* What this task involves: Where the line containing "Газовая плита горит — стоковое видео" appears below, start there and repeat each line exactly to the end. Leave the pictures out.

(Image-text web data)

◇ ◇ ◇ ◇ ◇ ◇ ◇

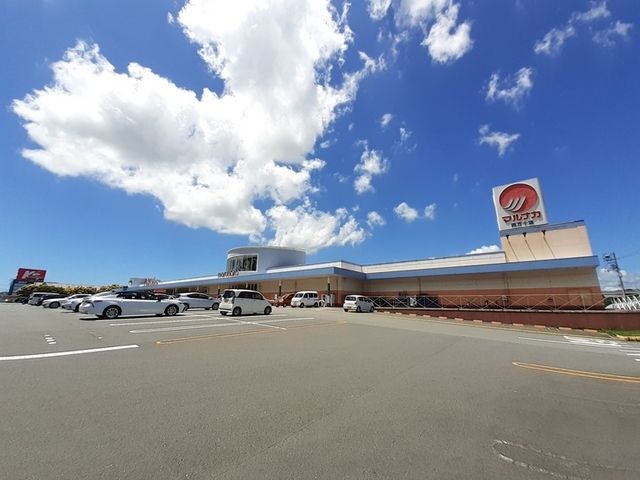 近くのマルナカ 四万十店まで550m(徒歩7分)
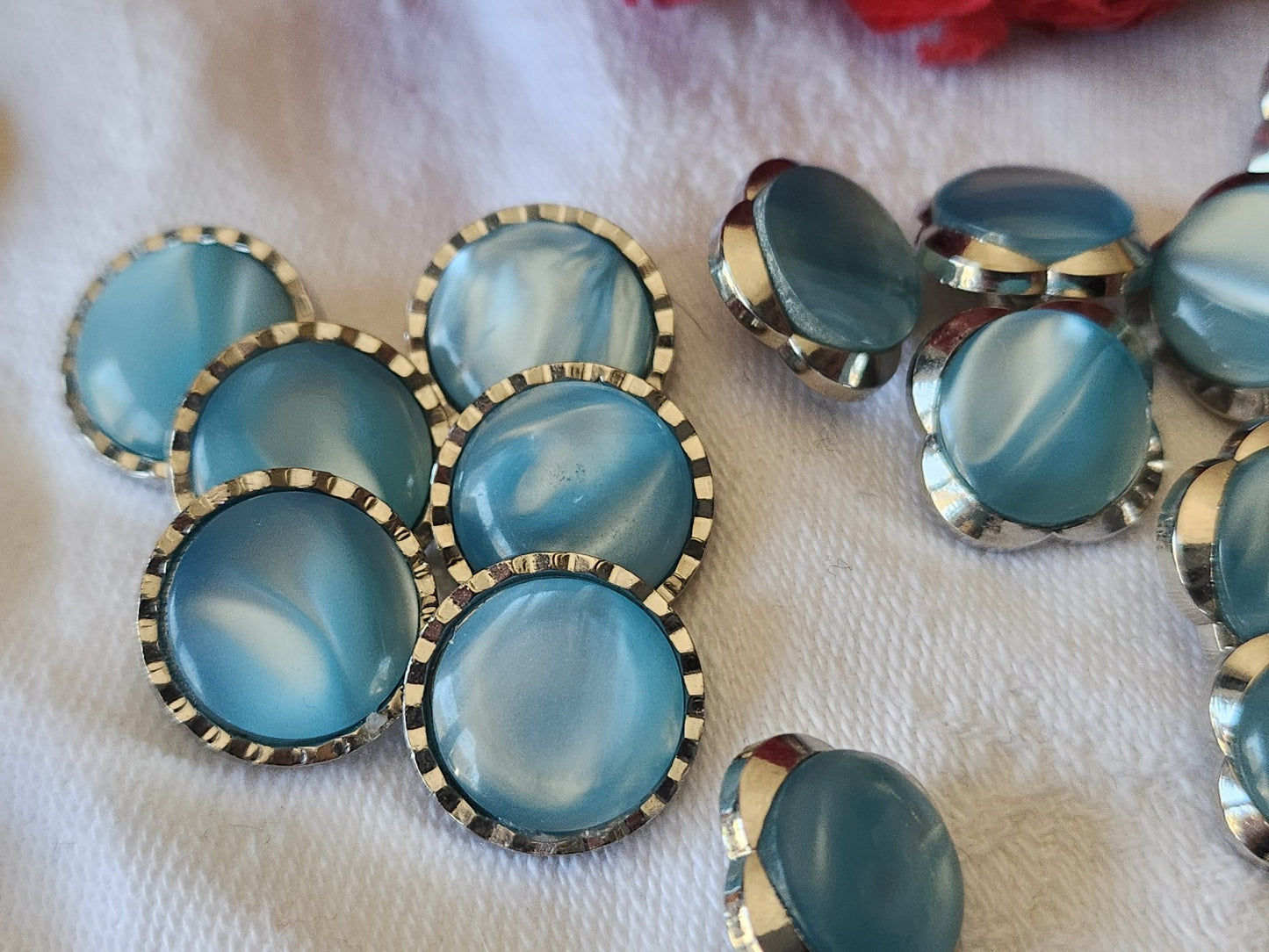 Lot 18 boutons vintage acrylique argenté bleu panaché 1,1 à 1,5 cm ref 3398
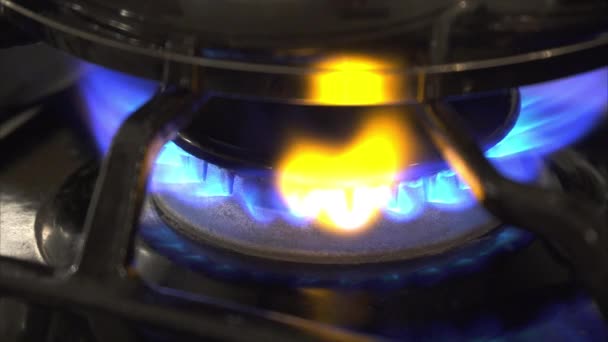 Газовая плита горит — стоковое видео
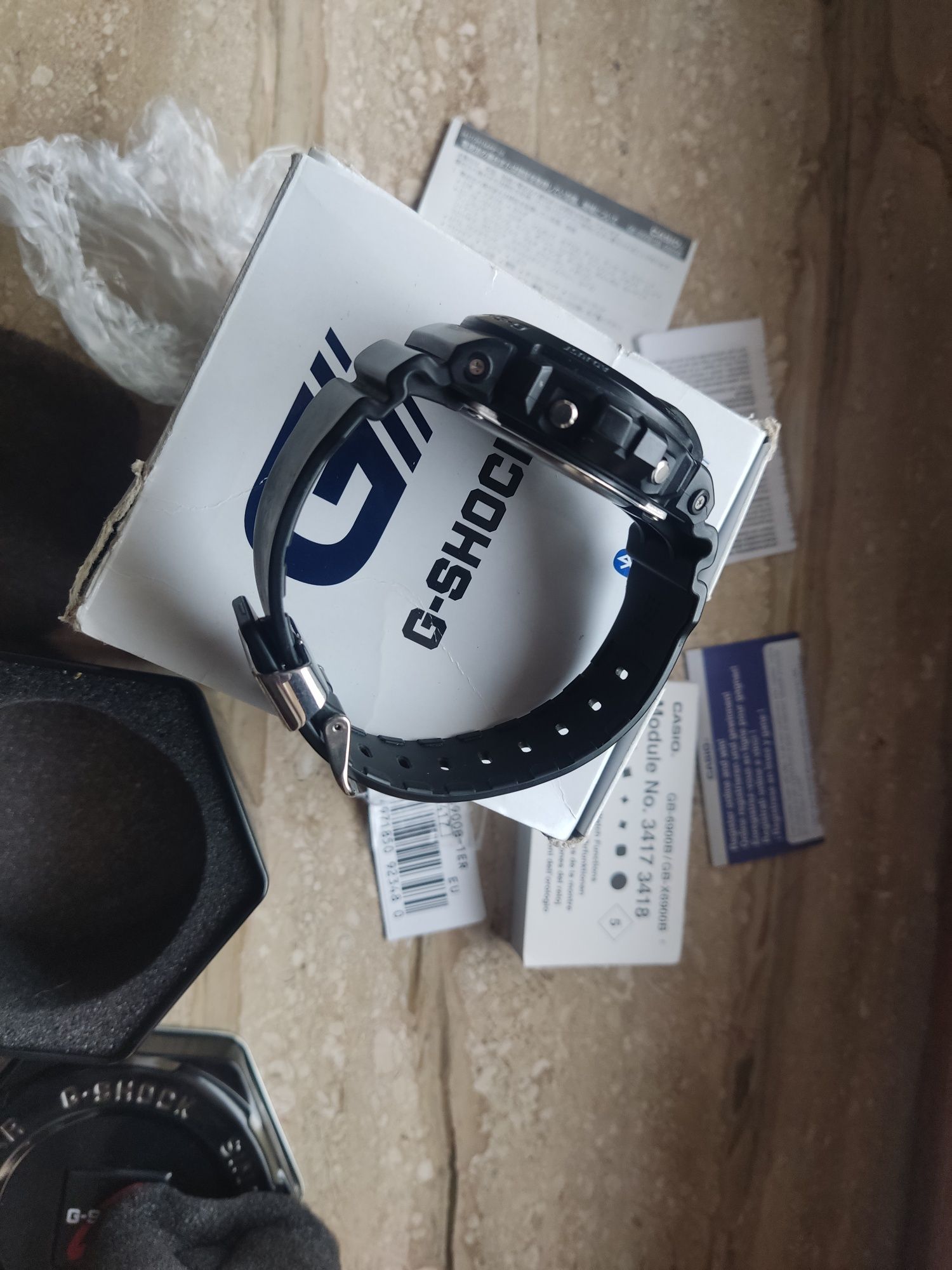 Casio G-shock GB-6900B full set. Stan 9/10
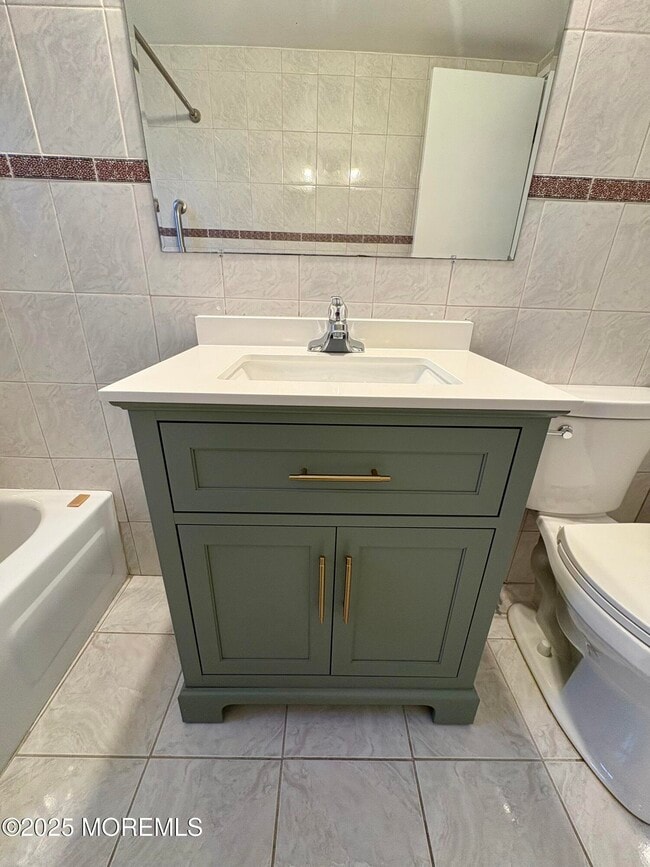 Building Photo - 1000 River Rd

◇ ◇ ◇ ◇ ◇ ◇ ◇

* Your response:
 Газовая плита горит — стоковое видео
 Casio G-shock GB-6900B full set. Stan 9/10
 Building Photo - 1000 River Rd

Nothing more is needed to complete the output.